Todo el Año Sacerdotal ha querido ser, según las palabras de convocación, un año “para favorecer esta tensión de los sacerdotes hacia la perfección espiritual, de la cual depende sobre todo la eficacia de su ministerio  y “para hacer que se perciba cada vez más la importancia del papel y de la misión del sacerdote en la Iglesia y en la sociedad contemporánea”. Es por ello por lo que desde el principio este año especial ha querido ser un año positivo y propositivo en el que la Iglesia ha querido decir, sobre todo a los sacerdotes, pero también a todos los cristianos, que ama a sus sacerdotes, que los admira y reconoce con gratitud su trabajo pastoral y su testimonio de vida. Ha querido ser asimismo una ocasión para un intensa profundización de la identidad sacerdotal, de la teología del sacerdocio católico y del sentido extraordinario de la vocación y de la misión de los sacerdotes en la Iglesia y en la sociedad. Un año de oración de los sacerdotes, con los sacerdotes y para los sacerdotes. Un año de celebraciones religiosas y publicas, que condujesen al pueblo, a las comunidades locales, a rezar, a meditar, a festejar y a presentar el justo homenaje y apoyo a sus sacerdotes.

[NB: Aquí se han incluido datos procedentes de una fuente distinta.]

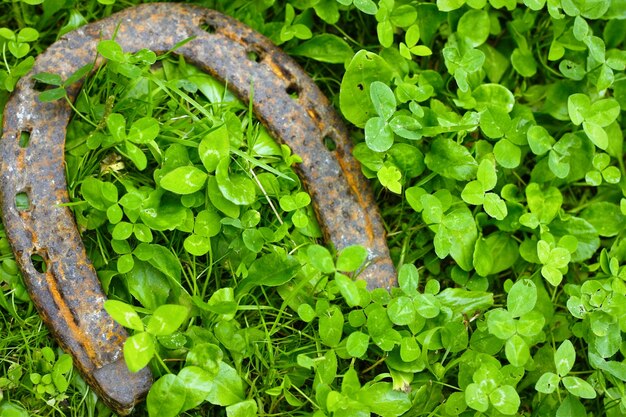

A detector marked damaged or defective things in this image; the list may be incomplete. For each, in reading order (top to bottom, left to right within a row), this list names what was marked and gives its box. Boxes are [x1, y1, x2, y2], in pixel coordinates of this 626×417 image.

rusty horseshoe [0, 2, 394, 412]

Sin embargo, durante este año se hizo necesario, por diversas circunstancias y de manera ineludible, afrontar con nuevas medidas y procedimientos el gravísimo problema de los abusos sexuales cometidos por algunos sacerdotes, delitos horribles e inaceptables, de los cuales los culpables deberán responder ante Dios y ante los tribunales, también ante los civiles; y al mismo tiempo, la necesidad absoluta de pedir perdón a las víctimas y ofrecerles un justo apoyo. Un año, por tanto, también de penitencia humilde y de purificación.

 

         El Año Sacerdotal ha sido muy bien acogido en toda la Iglesia, especialmente por parte de los sacerdotes y el pueblo de los fieles. Ha sido un año de grandes gracias y ha despertado muchas nuevas esperanzas.

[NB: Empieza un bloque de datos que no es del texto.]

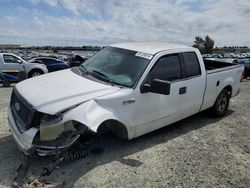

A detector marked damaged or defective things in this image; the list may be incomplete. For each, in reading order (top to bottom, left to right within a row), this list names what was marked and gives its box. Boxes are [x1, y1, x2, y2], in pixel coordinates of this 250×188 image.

damaged front end [8, 89, 94, 156]
crumpled hood [15, 68, 121, 114]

         Quisiera, antes de concluir, subrayar otro aspecto de este año, es decir, la llamada a la urgencia misionera en todo el mundo. Todos nuestros países son ahora tierra de misión en el sentido estricto de la palabra. El Año Sacerdotal ha intentado despertar esta tarea misionera esencial e ineludible confiada a cada presbítero. Es realmente necesario encender en nuestros presbíteros un nuevo fuego, una nueva pasión para alzarse e ir al encuentro de las personas, allí donde viven y trabajan, para llevarles de nuevo el Kerigma, el primer anuncio de la persona de Jesucristo, muerto y resucitado y de su Reino, conduciéndoles a un encuentro personal primero y después comunitario con el Señor. Benedicto XVI, refiriéndose a la situación de nuestros países de secular tradición cristiana, ha dicho: “Debemos reflexionar seriamente sobre el modo en el que hoy podamos realizar una verdadera evangelización, no sólo una nueva evangelización, sino con frecuencia una auténtica primera evangelización. […] No basta que tratemos de conservar a la comunidad creyente, aunque esto es muy importante”, sino que tenemos necesidad de una verdadera misión. No basta acoger a las personas que nos vienen a las parroquias o a las rectorías. Es necesario urgentemente levantarse y andar a la búsqueda, ante todo, de tantísimos bautizados, que se han alejado de la participación a la vida de nuestras comunidades y, después, hacia todos aquellos que poco o nada conocen a Jesucristo. La misión ha renovado siempre a la Iglesia. Lo mismo acontece a los sacerdotes cuando van a la misión. La misión renueva al sacerdote.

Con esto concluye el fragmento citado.